Licensing guide
Bamboo Filing Cabinet defaults
- Code: Apache-2.0.
- Data we publish (original/derived and permitted): CC-BY.
- Documentation: CC-BY (unless stated otherwise).
License templates
- Use these templates when adding LICENSE files to new repos.
- Apache-2.0 text: licenses/apache-2.0.txt (canonical: https://www.apache.org/licenses/LICENSE-2.0)
- CC-BY 4.0 legal code: licenses/cc-by-4.0.txt (canonical: https://creativecommons.org/licenses/by/4.0/legalcode)
General rules
- Always include a license for code (Apache-2.0 is the default).

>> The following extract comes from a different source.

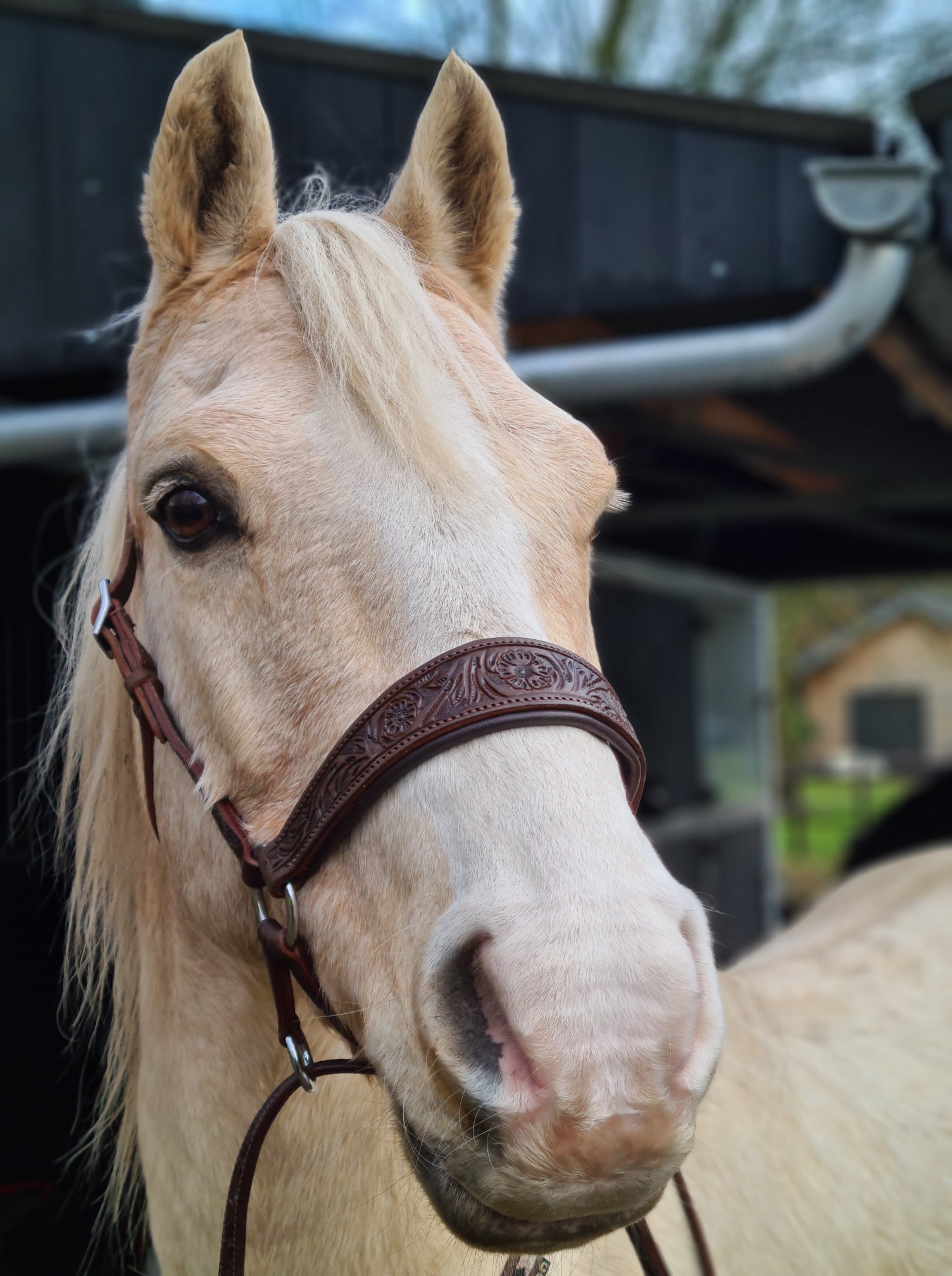 Bitless Bridle Anatomical, Edix© Rose, svart - 6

- Do NOT claim a license the source does not grant.
- If source licensing is unclear, mark the data license as UNKNOWN and keep provenance strong.
- Prefer permissive licenses for data (CC-BY is the default for BFC-produced data).

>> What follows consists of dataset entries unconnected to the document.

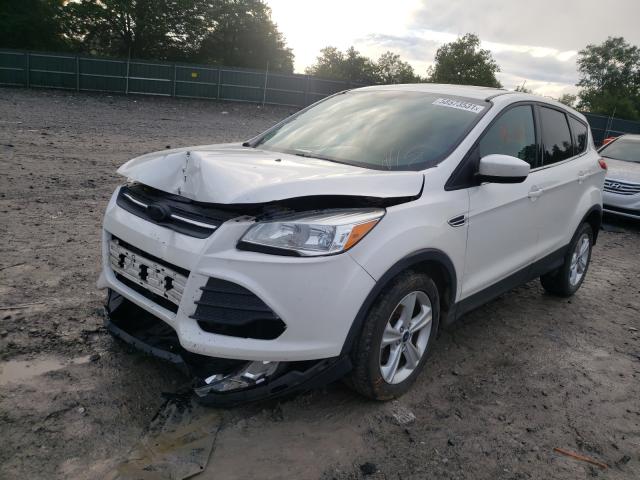 1FMCU0G71FUA38614  ford escape 2014 IMG 1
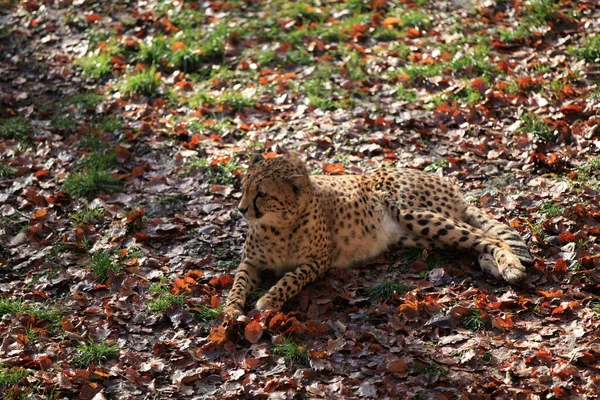 Gepard Kot Dzikie Zwierzę — Zdjęcie stockowe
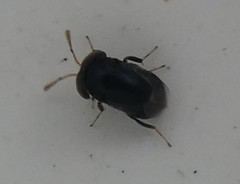 Scutellista caerulea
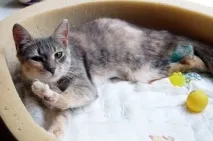 добри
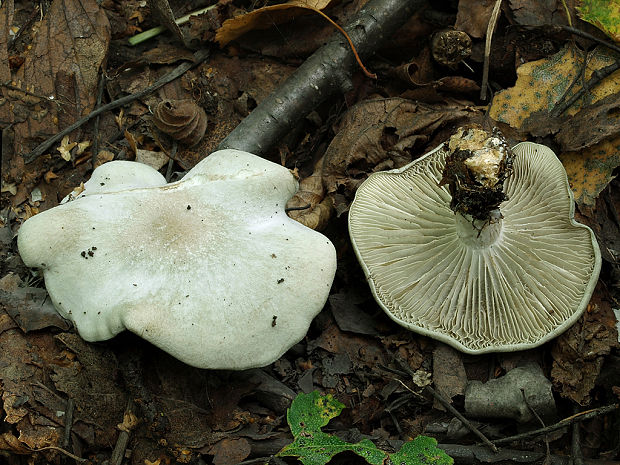 strmuľka anízová Clitocybe odora (Bull.) P. Kumm.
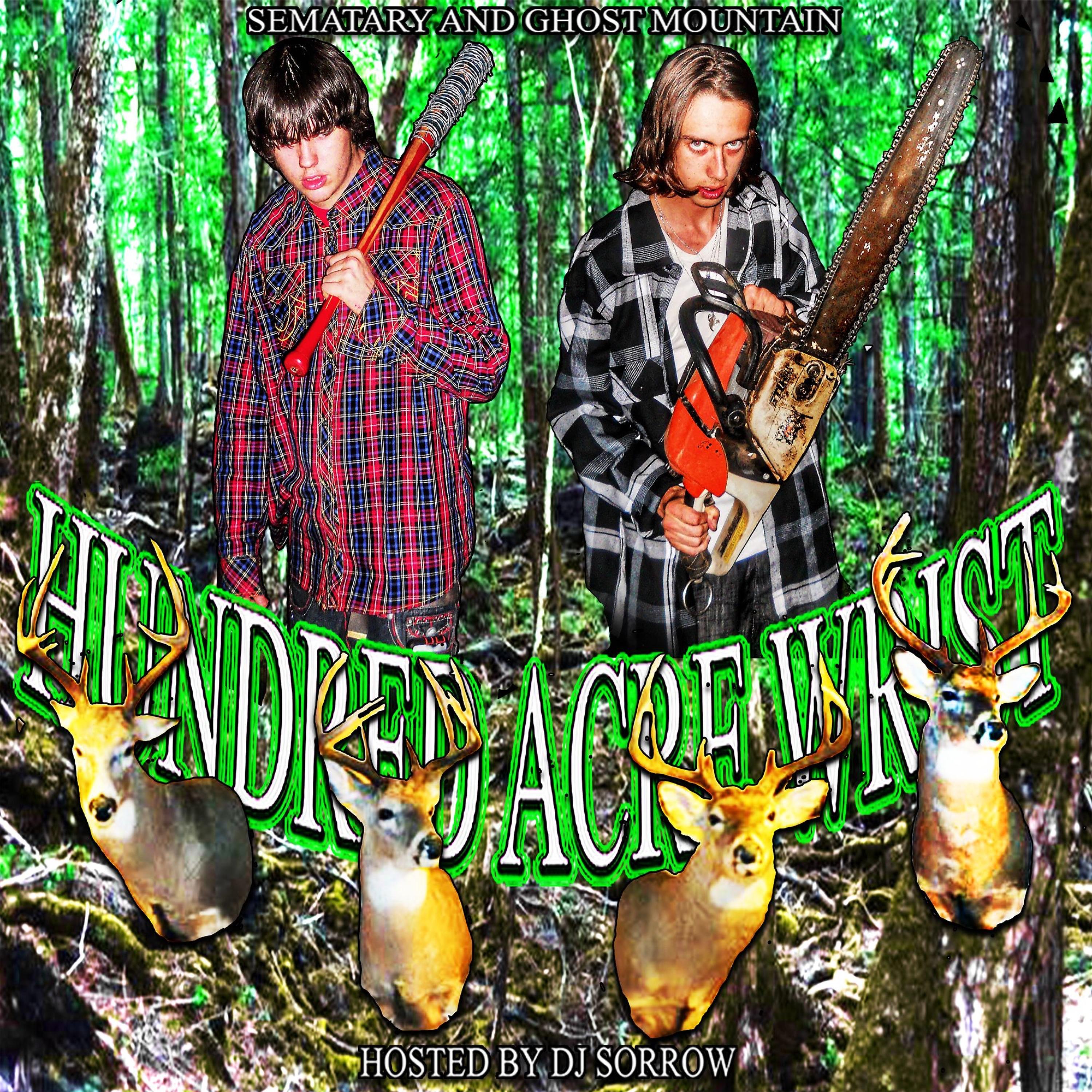 Hundred Acre Wrist album cover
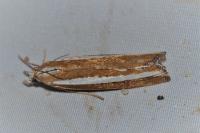 Agriphila latistria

- Avoid restrictive licenses (e.g., CC-BY-NC, CC-BY-ND) that limit reuse.
- When combining datasets, ensure license compatibility.
- Document licensing clearly in dataset metadata (e.g., dataset card or README).
- When in doubt, seek legal advice or consult licensing experts.
What to document per dataset
- Source URLs + retrieval dates.
- Source licensing statements or links (if any).
- What we changed (transforms, normalization, schema).
- Code license and data license.
- Attribution format for CC-BY reuse.